Among many presentations, we are highlighting two defenses in particular: those of Nikita Nikitin and Boris Babichev.

The work of Nikita Nikitin was devoted to Mass Protests in GEORGIA, analysed from the position of Protest Publics methodology, which was also developed previously in the course of Lilly O’Toole, devoted to Actor Publics and global protests, and from which Nikita likewise benefited.

To make a deeper study, Nikita introduced a Comparative aspect, choosing mass protests in neighbouring Turkey.
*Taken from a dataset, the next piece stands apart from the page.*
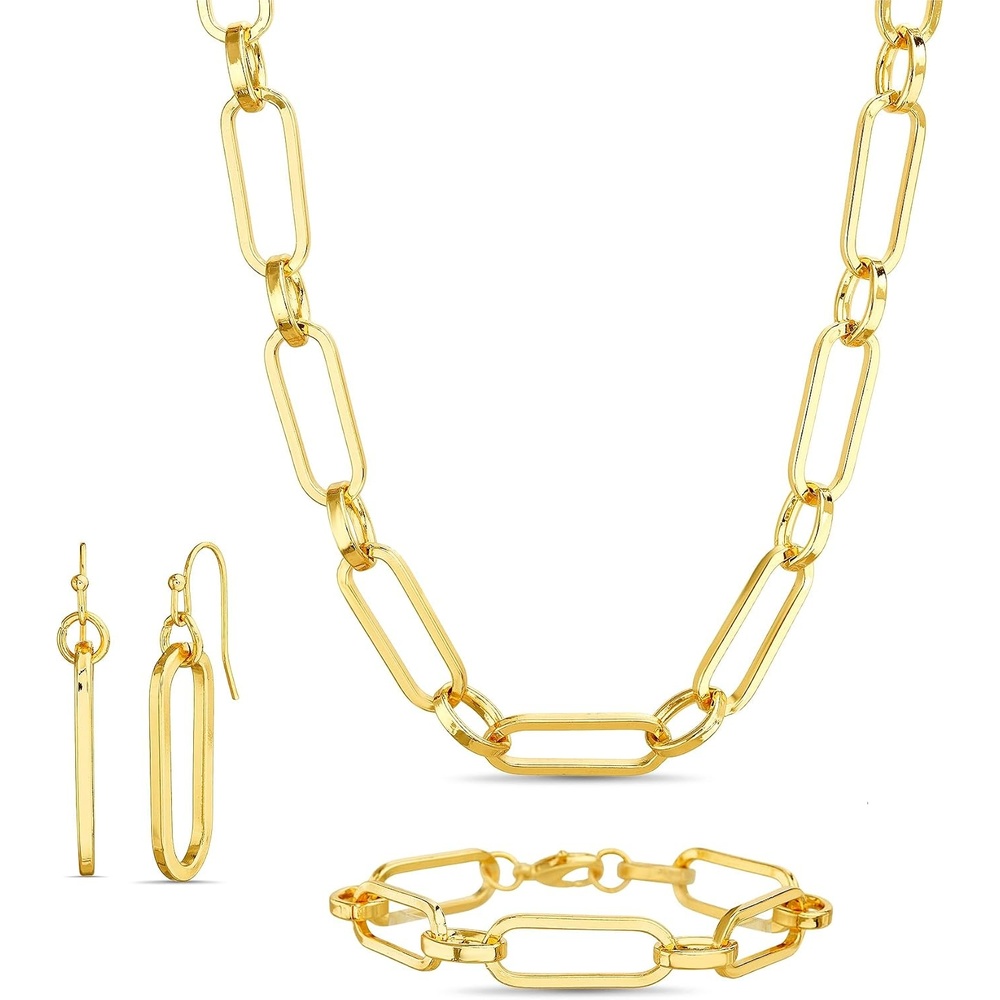 image:imageNautica Link Chain Necklace Earring Bracelet Set for Women 14K Yellow Gold Plated Alloy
This allowed him to highlight both similarities—both protests unfolded in an “unfree environment”—and differences, such as the much stronger 💪 organisational transformation of street action in Turkey into organised political opposition.

The reasons, deep roots, and consequences of these differences should, definitely, be explored further.

The Final Course work of Boris Babichev addressed, perhaps, the most challenging topic occupying social scientists and scholars of “State and Society,” or even the broader concept of CITIZENSHIP itself—directly connected to the centuries-long debate on CONSTITUTIONALISM.

Drawing on his own wonders 😉 through a consciously nomadic life, Boris asked ⁉️ how a thinking, professional, responsible human—who cares for others and wishes them well 🙏—might depend less on the greed and evil of political leaders in the countries where he happens to be born, live, and travel, especially when it is extraordinarily hard to change the entire “political environment” of a given territory in a given time.

This question connects to a search 🔎 for an identity 🆔 beyond a “country of one’s passport,” including a possible identity of “Global 🌍 Citizen,” where the balance of RIGHTS and Duties depends on how much each individual has contributed to the Global Community.

Needless to say, the topic is broad and challenging, but the consciousness of “global citizenship” is clearly rising 😉, and so is the demand for more research on it.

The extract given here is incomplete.